Dr. Schapira also is a very experienced medical/legal expert witness who charges $10,000 per day and who has testified at trial more than 100 times in his career; at least 20 times between 2000 and 2005. In 2005, he testified in depositions as many as 42 times . . . .

[WL]. at *4. The list given to Respondents contained only five cases in 2008 and none in 2009. In light of Dr. Schapira's extensive testimonial history in prior years, as noted by the court in Bond, the Respondents deduced that numerous cases were missing from the list. Based on this " seemingly incomplete list," Respondents filed a renewed motion on March 25, 2009, to exclude Dr. Schapira. On the day that trial was to commence, March 30, 2009, the district court instead entertained Respondents' renewed motion.

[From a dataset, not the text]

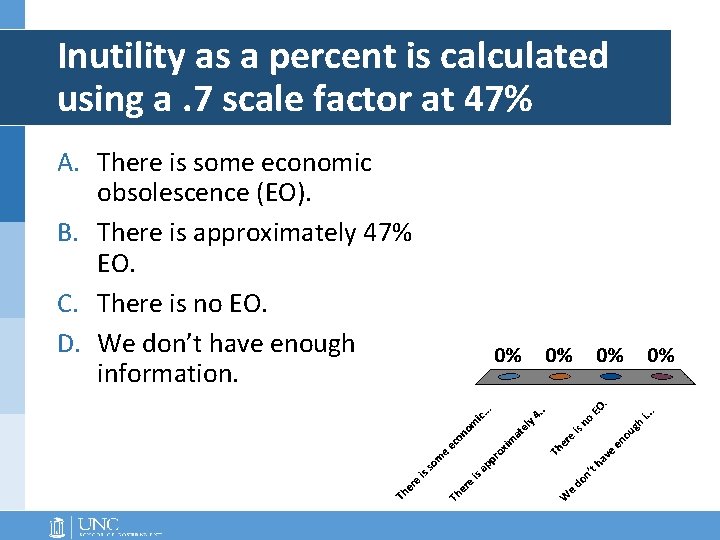 Inutility as a percent is calculated using a. 7 scale factor at 47% A.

At the March 30 hearing, Morgan's counsel, Lowell Hawkes, stated, " [t]he failing here, Your Honor, is mine in terms of not supplementing that interrogatory answer." The district court responded:

I really don't see anything that tells me that this is--that the information is being withheld for any sort of untoward reason. I think it's carelessness. It's carelessness on the part of Dr. . . . Schapira to keep record, and he obviously testifies enough throughout the country, including a considerable amount in federal court, to know that these rules are in place. . . . But there's also a problem here with Mr. Hawkes, as he humbly admits today that he didn't follow through and didn't get this information out. . . . I think the defendant is entitled to have access to this information in order to prepare adequately for trial. On the other hand, I don't think that the remedy of excluding the witness, which may gut the plaintiff's case, is fair to the plaintiff. So the resolution that would seem to be best would be to continue the trial, and I think the case law is supportive of that, in order to facilitate further inquiry.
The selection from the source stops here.